A desembargadora Maria do Rocio Luz Santa Ritta, do Tribunal de Justiça de Santa Catarina, concedeu efeito suspensivo em agravo de instrumento para permitir que a deputada eleita Ana Caroline Campagnolo (PSL) volte a publicar, em sua página no Facebook, postagem em que se coloca disponível para receber denúncias de alunos contra professores.

Deputada Ana Caroline Campagnolo (PSL-SC) publicou texto conclamando os alunos a denunciarem professores por suposta doutrinaçãoDivulgação/Congresso Nacional 

No entender da magistrada, a discussão tem como pano de fundo, na realidade, a chamada Escola sem Partido — a possibilidade ou não de o professor ultrapassar o limite de sua cátedra para ingressar na seara da doutrinação político-ideológica.

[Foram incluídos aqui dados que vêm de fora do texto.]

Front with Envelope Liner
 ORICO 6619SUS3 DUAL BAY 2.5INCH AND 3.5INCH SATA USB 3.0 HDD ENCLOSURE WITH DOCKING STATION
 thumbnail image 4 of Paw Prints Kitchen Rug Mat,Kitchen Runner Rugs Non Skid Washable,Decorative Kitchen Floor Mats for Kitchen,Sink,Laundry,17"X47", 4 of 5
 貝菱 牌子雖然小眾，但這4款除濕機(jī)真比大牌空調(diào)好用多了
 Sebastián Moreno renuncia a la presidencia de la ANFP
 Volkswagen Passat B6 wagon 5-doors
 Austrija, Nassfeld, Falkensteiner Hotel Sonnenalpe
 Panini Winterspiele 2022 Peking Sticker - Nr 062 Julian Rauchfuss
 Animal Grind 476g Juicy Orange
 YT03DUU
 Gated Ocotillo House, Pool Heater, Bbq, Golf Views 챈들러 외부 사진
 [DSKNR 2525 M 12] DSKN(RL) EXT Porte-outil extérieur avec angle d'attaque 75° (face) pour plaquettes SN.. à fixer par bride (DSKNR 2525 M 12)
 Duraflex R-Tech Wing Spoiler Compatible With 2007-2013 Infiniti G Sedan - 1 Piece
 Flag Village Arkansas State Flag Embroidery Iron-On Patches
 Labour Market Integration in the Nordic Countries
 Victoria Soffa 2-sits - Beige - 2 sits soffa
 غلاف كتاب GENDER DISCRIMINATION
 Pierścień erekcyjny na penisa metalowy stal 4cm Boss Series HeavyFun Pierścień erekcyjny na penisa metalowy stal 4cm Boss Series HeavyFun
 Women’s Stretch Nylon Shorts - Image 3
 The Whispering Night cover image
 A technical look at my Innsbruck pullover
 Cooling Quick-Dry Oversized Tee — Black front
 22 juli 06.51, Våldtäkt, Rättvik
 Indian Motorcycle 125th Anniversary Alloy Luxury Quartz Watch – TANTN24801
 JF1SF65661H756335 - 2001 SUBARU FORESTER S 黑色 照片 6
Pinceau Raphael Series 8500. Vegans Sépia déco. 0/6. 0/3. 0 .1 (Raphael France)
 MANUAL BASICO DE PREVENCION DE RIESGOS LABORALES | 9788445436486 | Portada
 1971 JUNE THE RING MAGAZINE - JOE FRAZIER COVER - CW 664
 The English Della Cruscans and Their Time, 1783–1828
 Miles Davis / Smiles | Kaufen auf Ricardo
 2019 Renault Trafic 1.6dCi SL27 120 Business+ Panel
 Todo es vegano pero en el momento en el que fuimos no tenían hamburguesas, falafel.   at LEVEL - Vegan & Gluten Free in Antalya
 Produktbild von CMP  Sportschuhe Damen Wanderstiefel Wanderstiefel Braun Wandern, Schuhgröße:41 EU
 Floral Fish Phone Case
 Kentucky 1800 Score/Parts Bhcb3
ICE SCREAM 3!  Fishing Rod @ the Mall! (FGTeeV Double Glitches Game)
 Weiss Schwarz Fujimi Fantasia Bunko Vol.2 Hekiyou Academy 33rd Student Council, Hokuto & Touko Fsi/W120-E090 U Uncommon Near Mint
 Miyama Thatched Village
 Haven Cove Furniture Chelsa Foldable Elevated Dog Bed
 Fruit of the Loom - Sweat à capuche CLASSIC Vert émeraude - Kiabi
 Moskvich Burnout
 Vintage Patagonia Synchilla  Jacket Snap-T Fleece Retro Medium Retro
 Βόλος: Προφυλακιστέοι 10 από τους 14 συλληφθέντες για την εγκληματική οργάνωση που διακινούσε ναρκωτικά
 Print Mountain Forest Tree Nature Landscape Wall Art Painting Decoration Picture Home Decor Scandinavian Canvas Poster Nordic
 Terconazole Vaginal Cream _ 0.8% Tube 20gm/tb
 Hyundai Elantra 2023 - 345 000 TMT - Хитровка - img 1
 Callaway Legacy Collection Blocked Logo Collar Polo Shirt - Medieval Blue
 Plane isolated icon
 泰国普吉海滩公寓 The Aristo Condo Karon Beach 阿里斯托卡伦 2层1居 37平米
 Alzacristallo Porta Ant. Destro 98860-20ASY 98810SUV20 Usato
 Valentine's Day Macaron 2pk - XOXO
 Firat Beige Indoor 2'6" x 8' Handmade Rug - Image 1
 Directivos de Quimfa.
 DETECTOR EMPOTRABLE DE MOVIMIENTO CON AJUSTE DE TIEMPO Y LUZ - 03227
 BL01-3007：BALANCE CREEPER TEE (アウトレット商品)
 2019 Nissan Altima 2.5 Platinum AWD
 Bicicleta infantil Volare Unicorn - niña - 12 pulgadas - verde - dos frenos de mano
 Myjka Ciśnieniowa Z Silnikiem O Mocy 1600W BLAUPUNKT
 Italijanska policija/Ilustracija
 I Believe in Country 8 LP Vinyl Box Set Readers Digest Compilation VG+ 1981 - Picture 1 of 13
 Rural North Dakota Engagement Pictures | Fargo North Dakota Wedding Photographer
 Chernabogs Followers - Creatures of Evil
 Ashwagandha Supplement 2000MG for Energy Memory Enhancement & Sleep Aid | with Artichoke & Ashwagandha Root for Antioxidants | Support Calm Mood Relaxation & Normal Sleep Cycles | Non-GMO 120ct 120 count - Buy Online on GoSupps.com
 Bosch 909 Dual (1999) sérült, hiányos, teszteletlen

Em sua decisão, contudo, a desembargadora foca dois pontos que antecedem esse debate: a possibilidade de a deputada se colocar como uma espécie de "ouvidora social" em defesa de alunos vítimas de abusos ou excessos em sala de aula e o direito de os estudantes gravarem aulas ou momentos pontuais em que agressões dessa natureza ocorrem.

Para a desembargadora, nos dois casos não há qualquer impedimento legal a tais procedimentos. "Não vislumbro nenhuma ilegalidade na iniciativa da deputada estadual eleita, de colocar seu futuro gabinete como meio social condensador do direito que todo cidadão possui, estudantes inclusive, de peticionar a qualquer órgão público denunciando ato que entenda ilegal praticado por representante do Estado, sobretudo quando se tratar de ofensas e humilhações em proselitismo político-partidário travestido de conteúdo educacional ministrado em sala de aula", disse. 

O mérito do agravo ainda será analisado pela 3ª Câmara Civil do TJ-SC. 

Professores sob vigilância 
Na primeira instância, o juiz Eduardo Luz, da Vara de Infância e Juventude de Florianópolis atendeu pedido do Ministério Público e determinou que a deputada eleita retirasse de suas publicações no Facebook o pedido para que alunos de Santa Catarina filmem professores caso estejam fazendo "manifestações político-partidárias". 

O caso começou no dia 29 de outubro, quando a deputada eleita publicou em seu perfil no seu Facebook um texto conclamando os alunos a filmarem e denunciarem os professores. Para ela, muitos iriam fazer discursos contra a eleição de Jair Bolsonaro (PSL) para presidente. Com informações da Assessoria de Imprensa do TJ-SC. 

Agravo de Instrumento 40324505520188240000

Revista Consultor Jurídico, 25 de janeiro de 2019, 11h50

Comentários de leitores

3 comentários

Ideologia Evangélica e de Direita Pode?

André Santinho (Advogado Assalariado - Previdenciária)

Questão simples:
Se o aluno se sentir "ofendido em seu foro íntimo", que, em última espécie, deve ser preservado para sua integral formação como pessoa e cidadão, estiver sendo "bombardeado" com concepções evangélicas, ou, do neo li -beralismo, eufenìsmo, para "Direita", os alunos poderão gravar, denunciar, perseguir os professores que assim estejam fazendo? Seria o caos de uns de nossos melhores sistemas de ensino que, independentemente de corrente ideológica, são as Escolas Militares espelhadas pelo Pais - aí sim, PÁTRIA AMADA BRASIL.
Que Deus Nos Proteja de tais desatinos.
A Paz do Senhor esteja com vosco.
Um beijo em Vossos Corações e
Inté.
André Carlos.

Direito educacional em construção

José M. R. Salgueiro (Professor)

Mais um (+1) para o contador da necessidade de termos o Direito Educacional como um ramo específico.

Cada coisa em seu lugar

Ian Manau (Outros)

Sala de aula é pra estudar disciplinas de conteúdo técnico. Assuntos DIVERSOS poderão ser abordados fora da escola E em horário diferente da aula.